Patrocinaram também a manutenção das
emendas de relator, que financiam o orçamento secreto, a frágil governabilidade
do presidente e o apoio nas votações de interesse do governo. O veto prometido
do presidente não aconteceu com a ameaça dos caciques de retaliação.
O gatilho da piora no ambiente econômico
foi disparado pelas trapalhadas na condução da negociação do parecer do projeto
do Imposto de Renda e da PEC de parcelamento dos precatórios. Desde que a PEC
foi enviada, o humor azedou ainda mais. Foi só ladeira abaixo porque há muita
controvérsia e divisão de opiniões em torno da solução para o parcelamento por
10 anos do pagamento de uma dívida certa. A unanimidade no governo e no
Congresso é que a PEC não fica em pé do jeito que está.

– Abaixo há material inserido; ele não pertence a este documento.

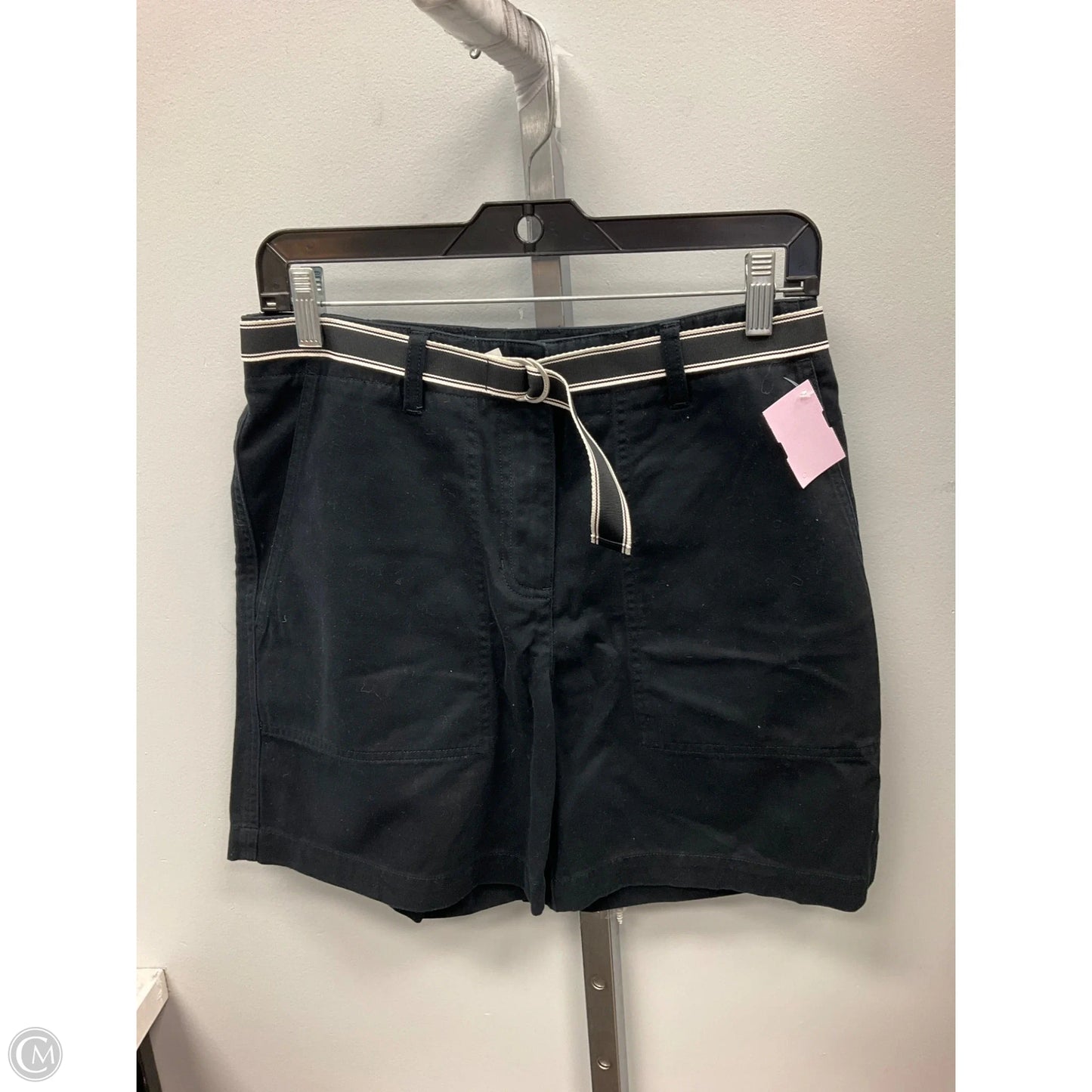 Shorts By Jones New York In Black, Size: 4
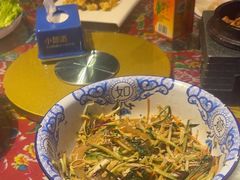 -人民公社大食堂(张家湾店)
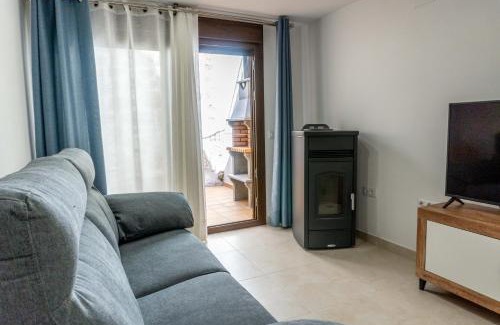 Beceite Casa | Les Gubies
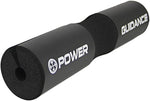 POWER GUIDANCE Barbell Squat Pad - Reduce Neck & Shoulder Discomfort
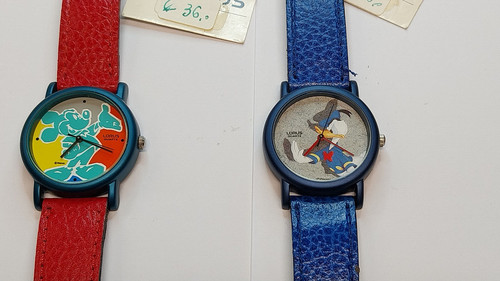 Coppia orologi lorus - coppia,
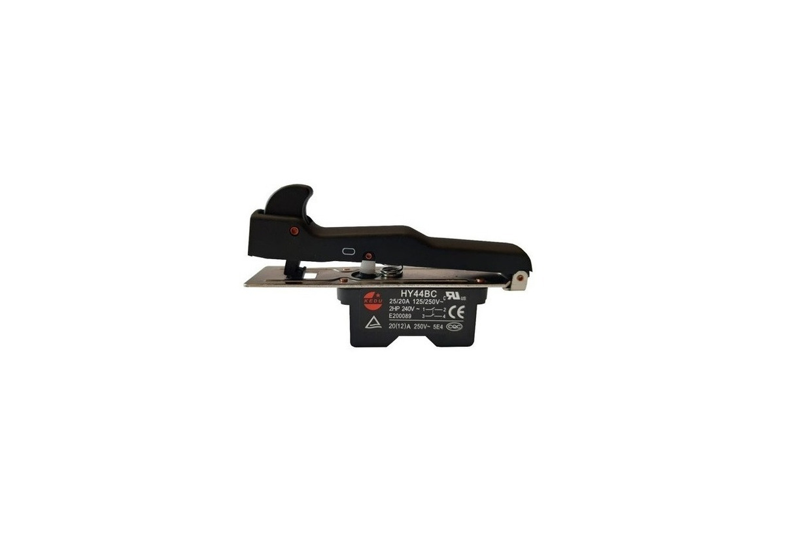 Interruptor para esmeril Makita MGA700-MGA900  / 651182-7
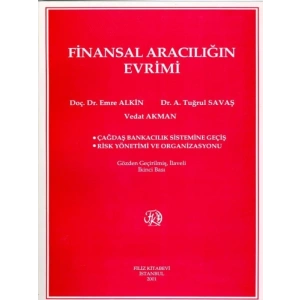 Finansal Aracılığın Evrimi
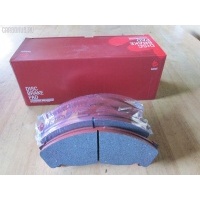 Тормозные колодки tds TD-086-4289, 17BP9223SJ, 1V4 Isuzu TD-086-4289 TD-086-4289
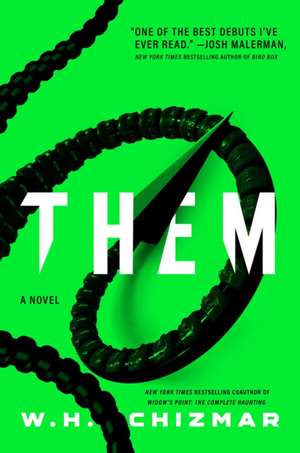 Them de W H Chizmar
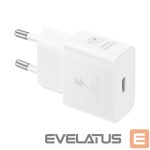 Adapteris Samsung  EP-T2510NWEGEU \ White 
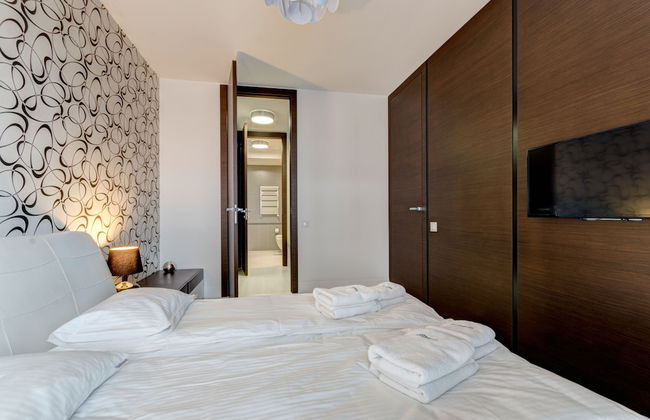 Dom & House - Apartments Waterlane - Foto 45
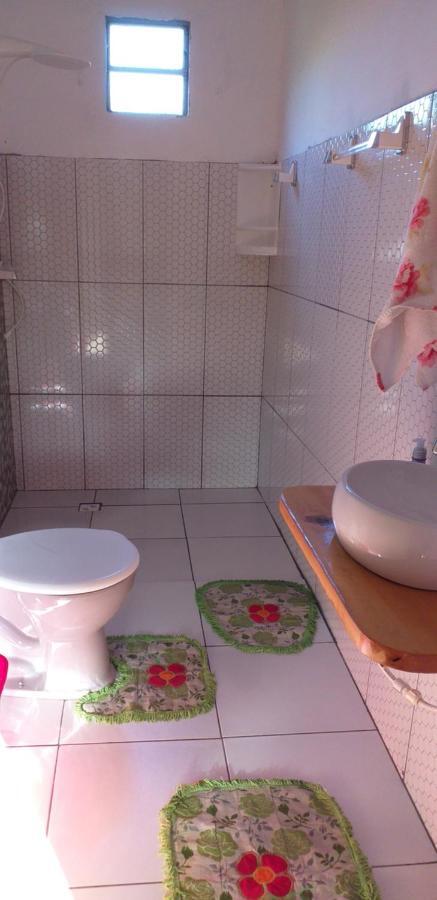 Sea breeze Villa Porto Seguro Eksteriør bilde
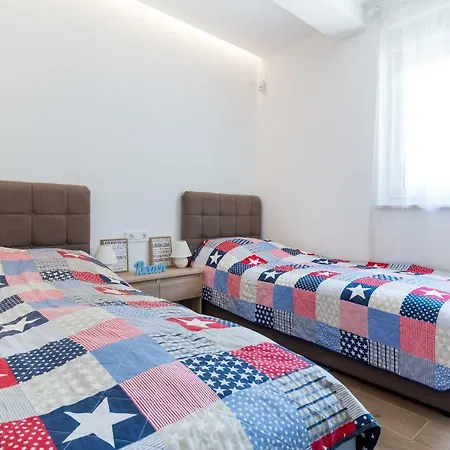 Apartamento House - Ap. 2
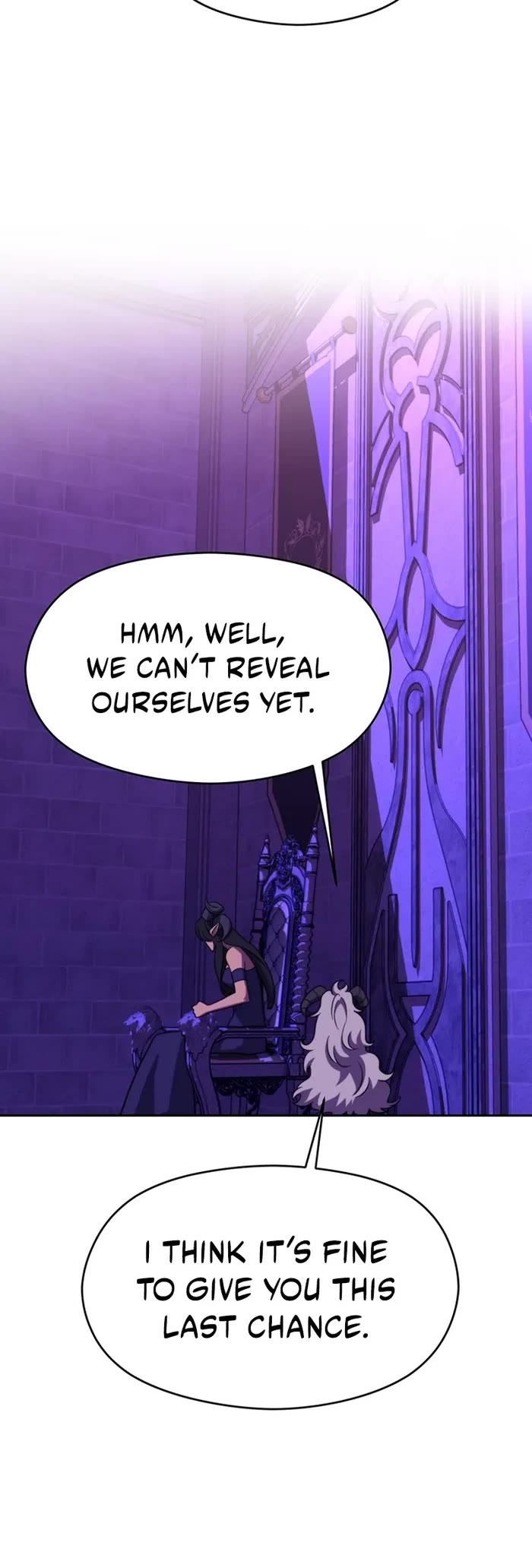 Archmage Transcending Through Regression Chapter 109 page 41 - Chapter 109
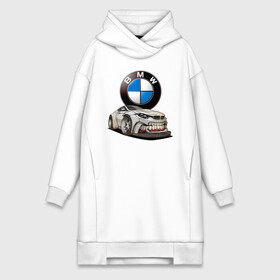 Платье-худи хлопок с принтом BMW оскал в Тюмени,  |  | bmw | car | germany | grin | jaw | power | sketch | teeth | автомобиль | бмв | германия | зубы | мощь | оскал | пасть | эскиз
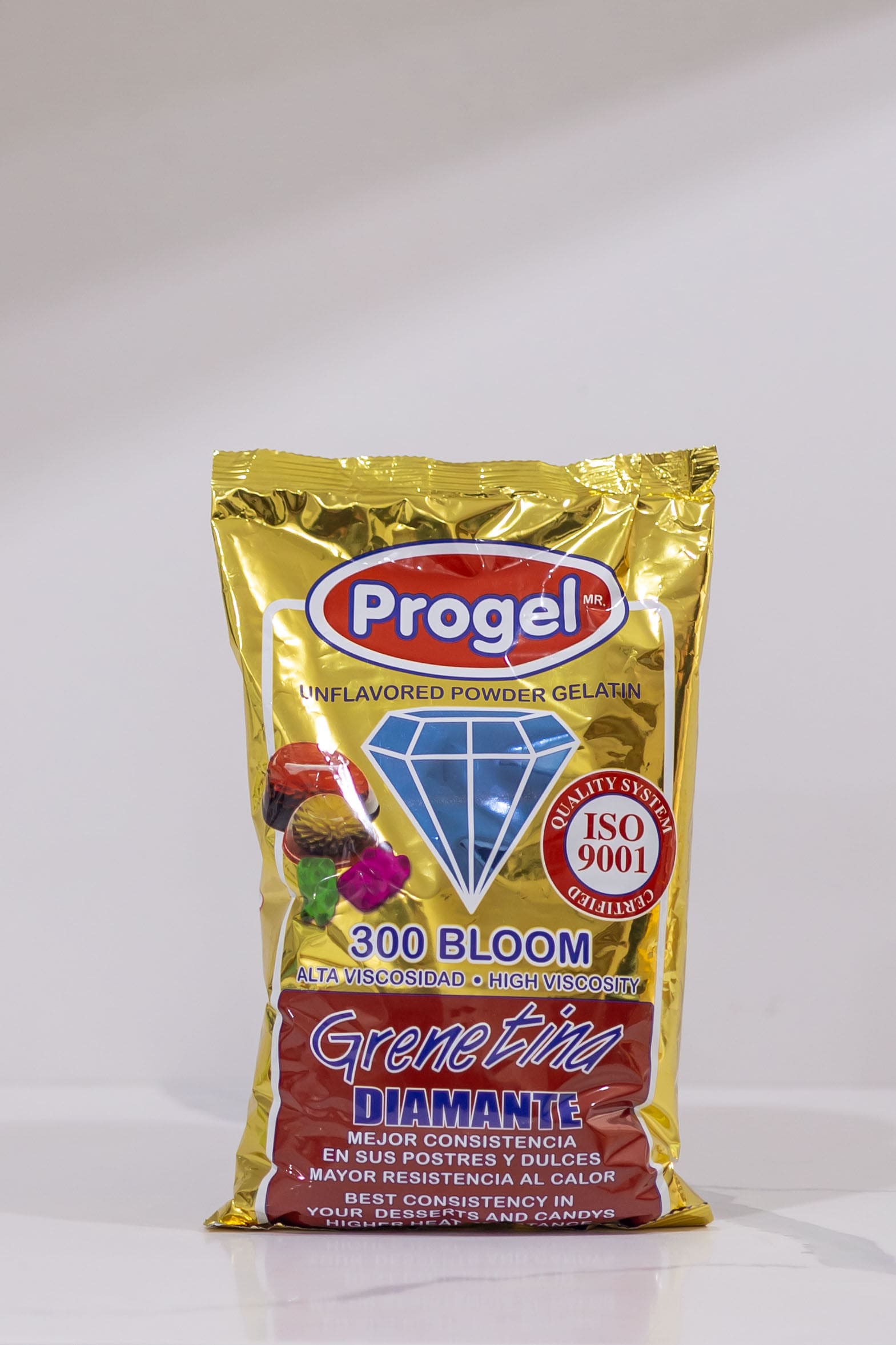 Grenetina progel 300 Bloom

Um tema que dividiu até mesmo fiscalistas e
defensores do teto de gastos e colocou pesos-pesados de equipes econômicas de
governo passados em defesa da flexibilização da regra fiscal para evitar a
moratória.
Em outro caminho, Legislativo e Judiciário
também costuram uma solução para precatórios para limitar o pagamento até um
determinado valor, e o saldo restante ficaria para ser pago no Orçamento dos
anos seguintes, já como prioridade para serem quitados antes. Uma proposta que
permitiria ser implementada com a aprovação de uma resolução do Conselho
Nacional de Justiça (CNJ) ou do Senado Federal, sem PEC, mas que é vista pelos
críticos como uma “canetada” que passa por cima da Constituição.